Nuestra vocación hacia la vida eterna quedó velada. Teníamos ansia de permanencia, pero el pecado hacía que sólo apareciera delante de nosotros la finitud. La vida del hombre se convirtió en un absurdo. Nos sentíamos llamados a una vida en plenitud, pero sólo aparecía delante de nosotros la limitación que desembocaba en la muerte.

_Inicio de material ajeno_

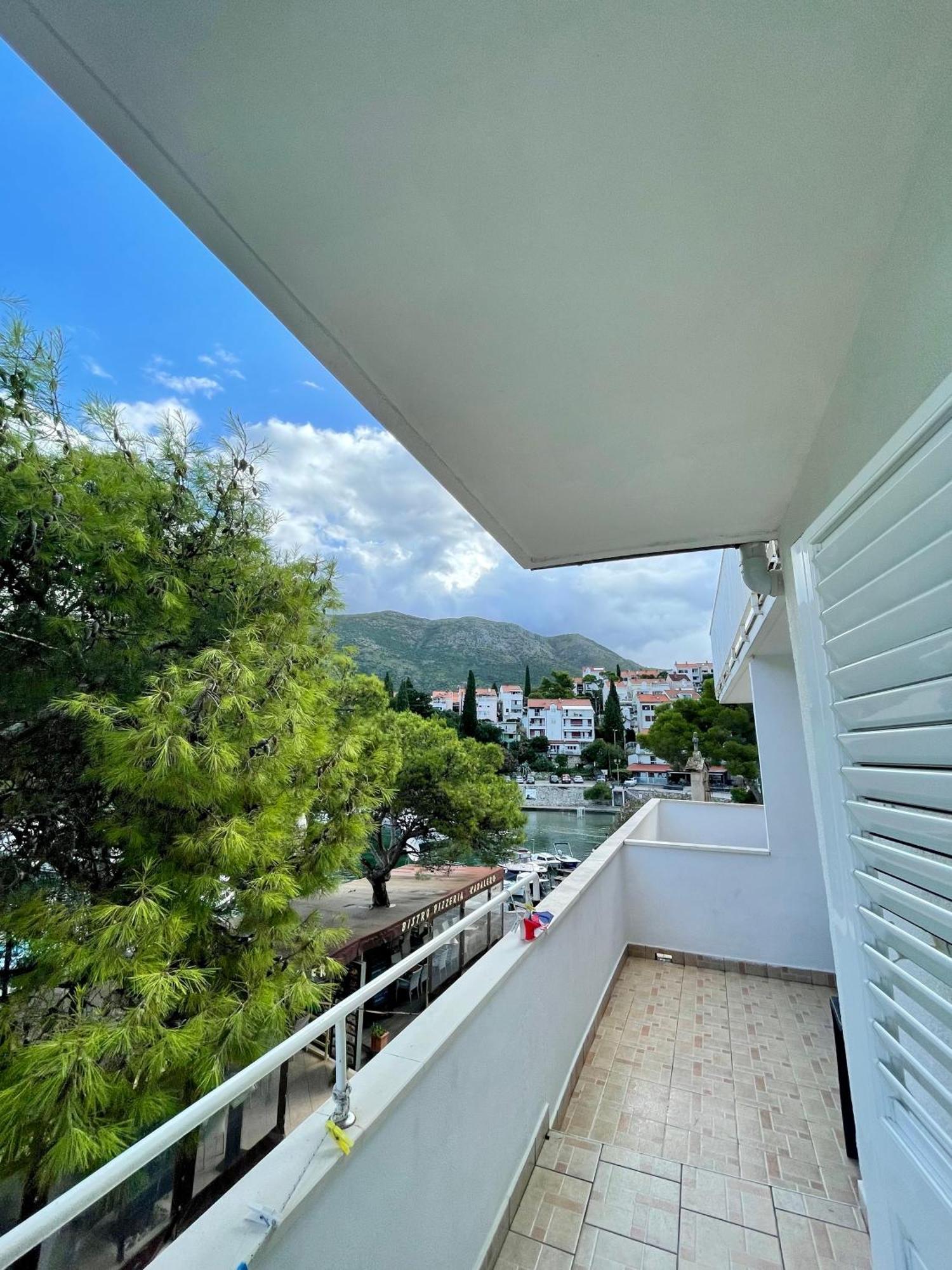 Apartments Boras Cavtat Zewnętrze zdjęcie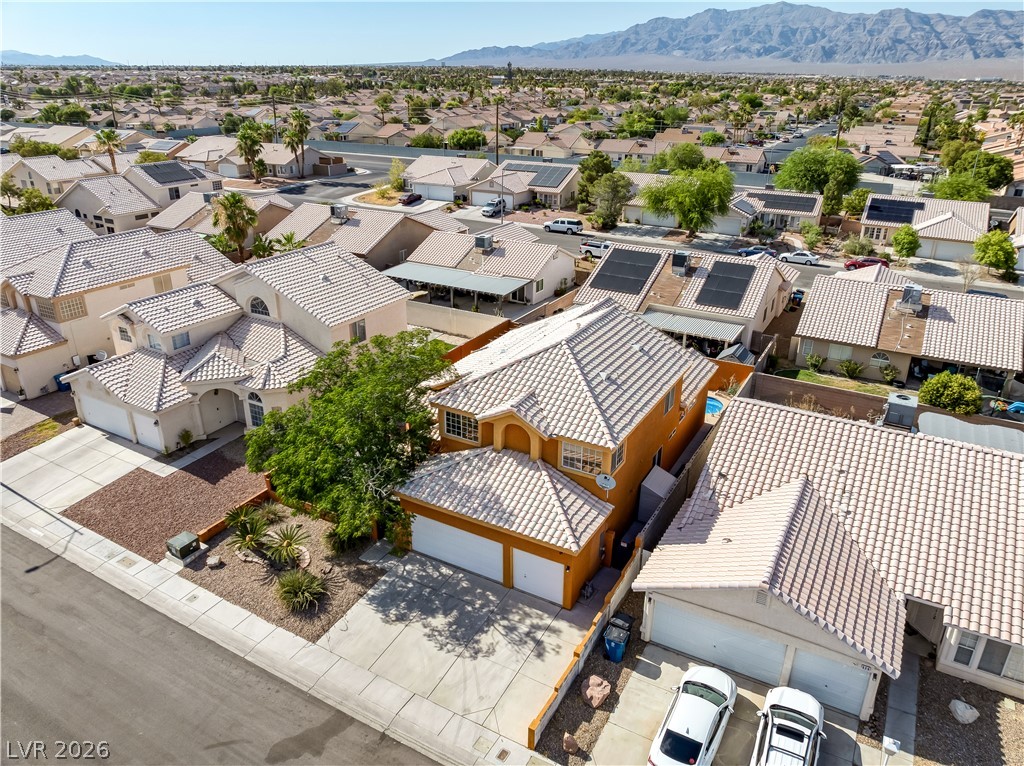 530 Rancho Del Mar Way North Las Vegas NV 89031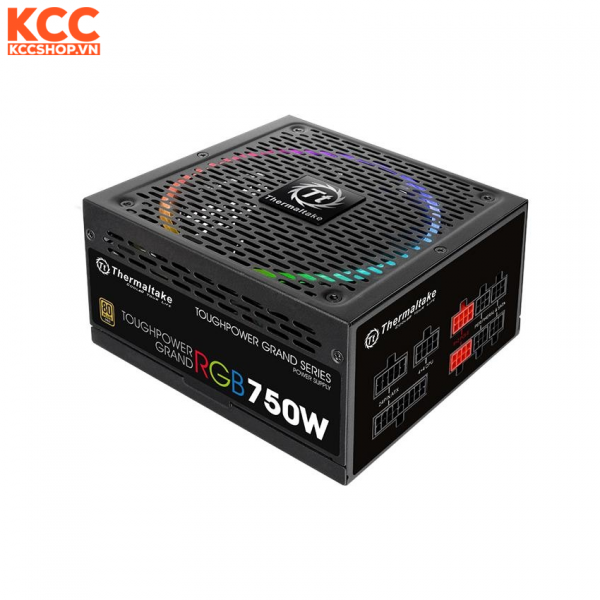 Nguồn máy tính Thermaltake Toughpower Grand RGB 750W Gold Full Modular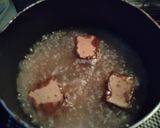 おしるこの素で小豆ゼリー♡作り方2写真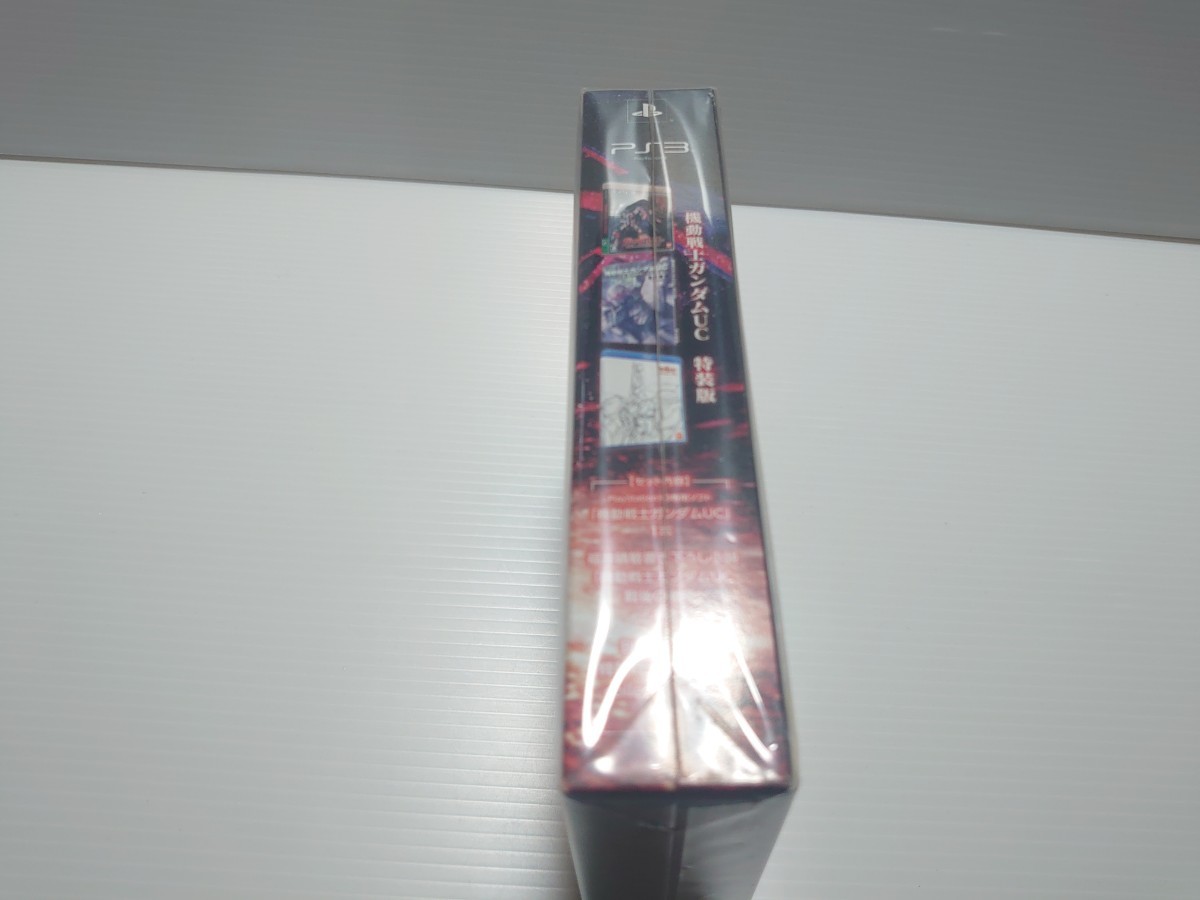 PS3 機動戦士ガンダムUC[特装版] 未開封品_画像3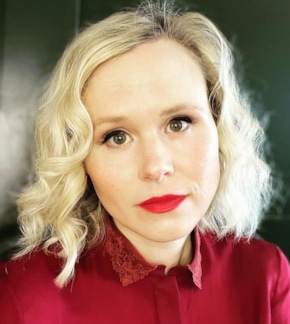 фотография Элисон Пилл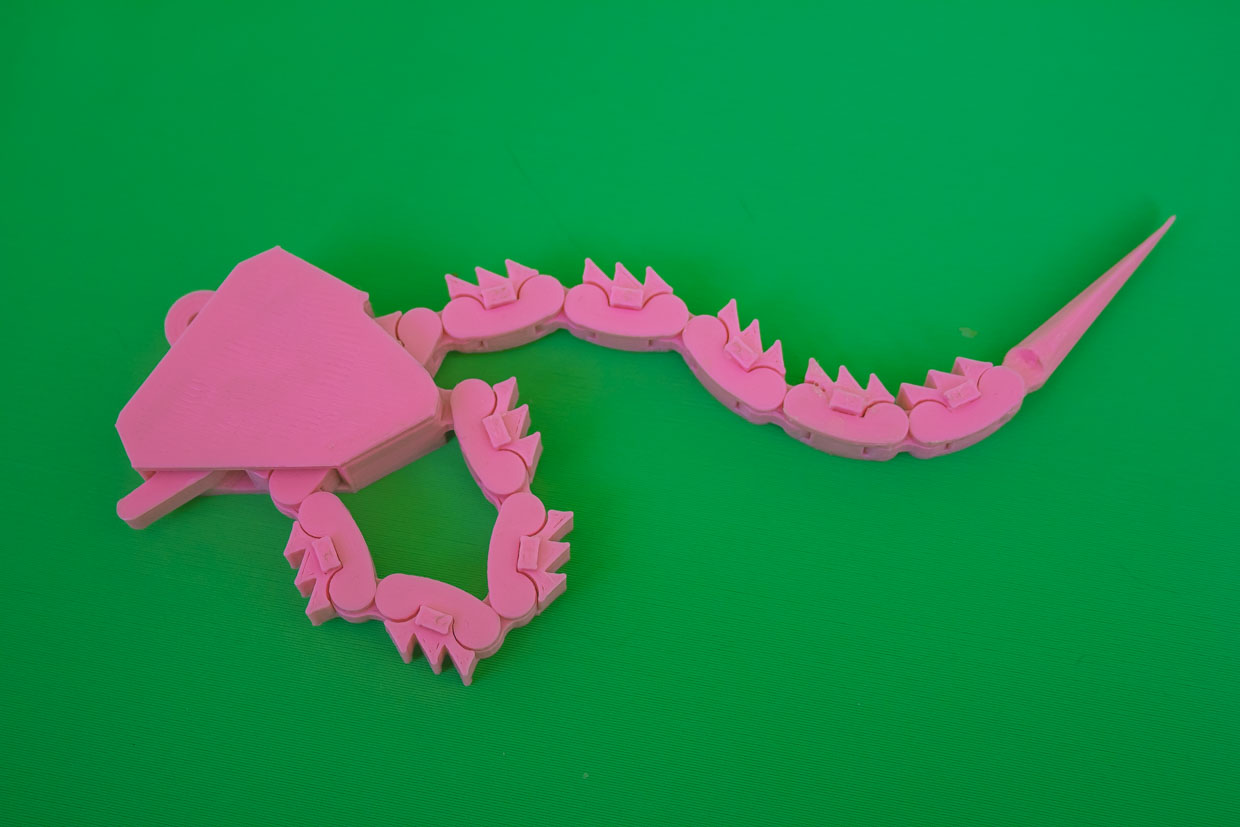 Наручники "Единорог"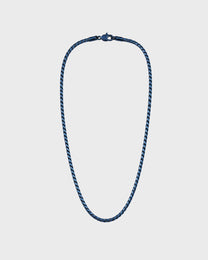 Titanium Rope Necklace
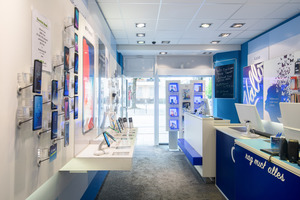 o2 Shop Köln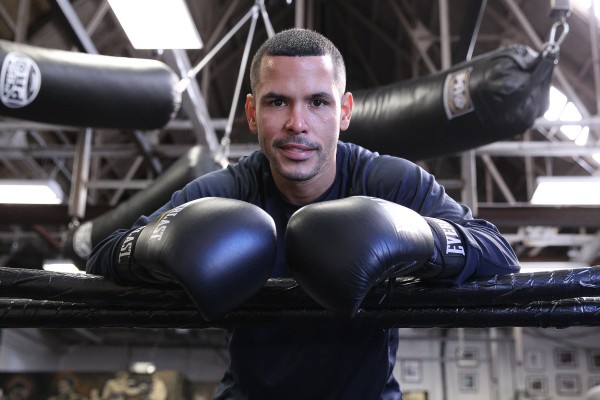 Gabe Bracero Danny O'Connor - Ed Diller DiBella Entertainment (10)
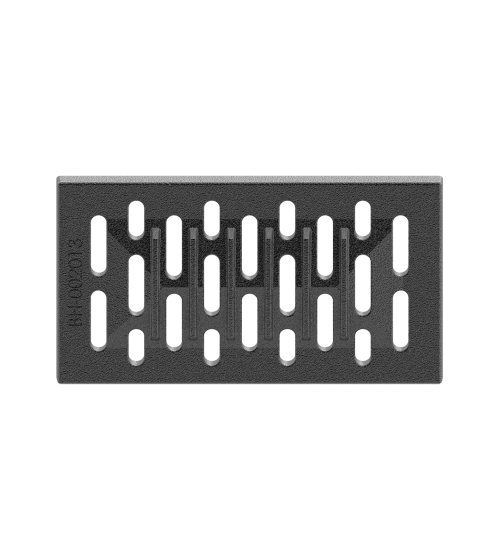 hitze-kaminrost-225x125-gussrost-schwarz image 3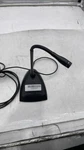 Shure Microflex MX412D/S Microphone Supercardioid Desktop Gooseneck Condenser. Fixed Price $93.49.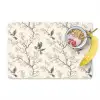 Takken - Vogels - Beige Placemat vinyl groot 368 -zzzproduct_Kitchenyeah-website
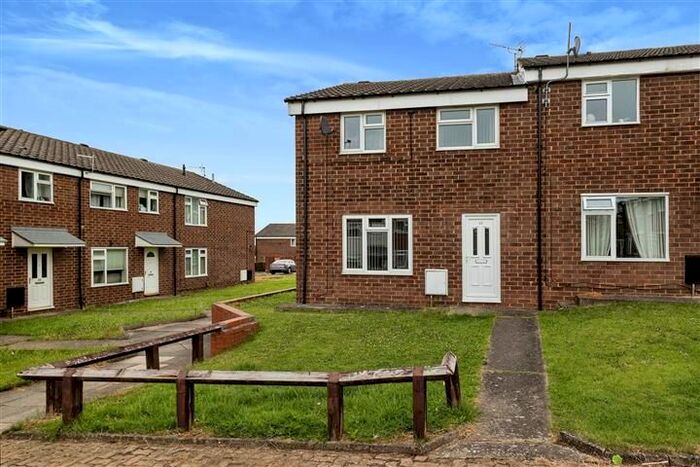 3 Bedroom End Of Terrace House To Rent In Sedgemoor Road, Middlesbrough, TS6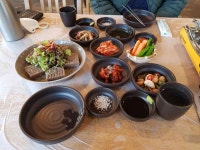 와이고수 - 대구 팔공산 가원식당(백숙) 대구 팔공산 가원식당(백숙)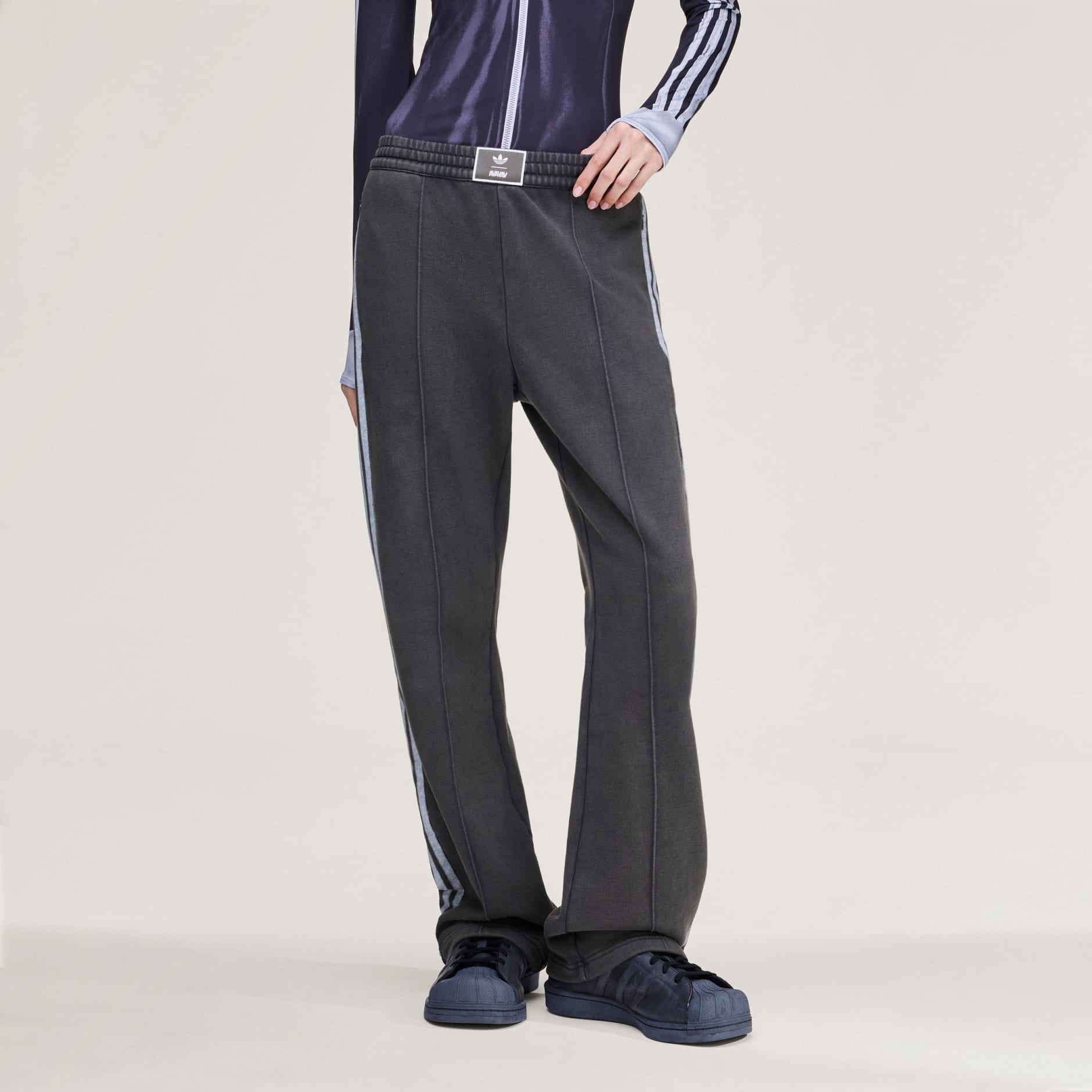 adidas Originals by Avavav 衛衣布運動長褲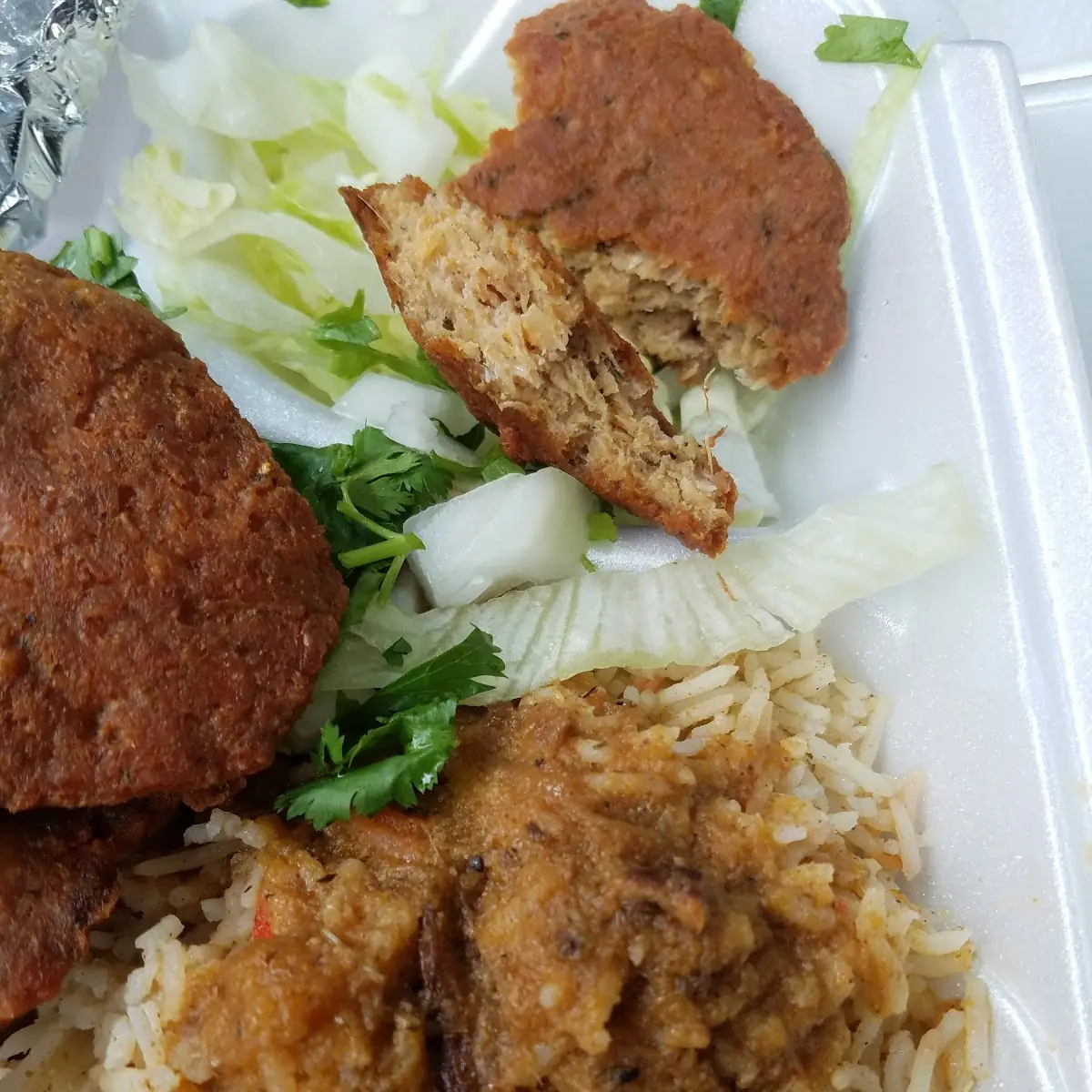 Chicken Kabab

Con objeto de sacarnos de este círculo vicioso, Dios-Padre dispuso que su Hijo se encarnara tomando una naturaleza como la nuestra, y rompiera los lazos de la muerte que nos mantenían en la esclavitud. Hoy, en el evangelio, el Señor Jesús manifiesta por unos instantes a Pedro, Santiago y Juan, esa divinidad que está escondida bajo su naturaleza humana. Quiere fortalecer la fe de sus discípulos, preparándolos a los acontecimientos extremos que se les presentarán en Jerusalén.
San Mateo nos narra este pasaje diciendo que el Señor se lleva a sus discípulos a una montaña alta. En ella se transfigura delante de ellos mostrando su rostro radiante como el sol. Al mismo tiempo se hacen presentes Moisés y Elías que empiezan a conversar con él. Pedro, ante aquel espectáculo, sólo puede exclamar: «Señor, ¿qué hermoso es estar aquí!». Aún está hablando cuando una luminosa nube los envuelve y desde dentro se oye una voz que dice: «Éste es mi Hijo, mi amado, mi predilecto. Escuchadle».
Viendo al Señor transfigurado vemos también cuál es la voluntad del Padre sobre nosotros. No hemos sido creados para vivir una vida chata, sin sentido, con sufrimientos y sometida a la muerte, consecuencia de nuestro pecado, como hemos dicho al principio. Hemos sido creados para una vida plena, que es la que nos ha conseguido el Señor Jesús con su Muerte y Resurrección, al reconciliarnos con el Padre. Hemos sido lavados con su sangre, recibiendo una nueva naturaleza, la de hijos de Dios. Por eso, hoy, las palabras que ha pronunciado el Padre sobre el Señor Jesús, han resonado también para nosotros. Tú y yo, unidos a Jesucristo, somos ese hijo amado al que se ha referido el Padre.
De nuestro interior ha de brotar una inmensa gratitud por la obra llevada a cabo por el Señor en nosotros. Nada merecíamos. Por nuestros pecados estábamos destinados a la condenación, pero Dios-Padre, rico en misericordia, por el grande amor con que nos amó en su Hijo Jesús, nos ha vivificado y nos ha devuelto la condición de hijos. No podemos más que exclamar: ¡Bendito sea por siempre su Nombre!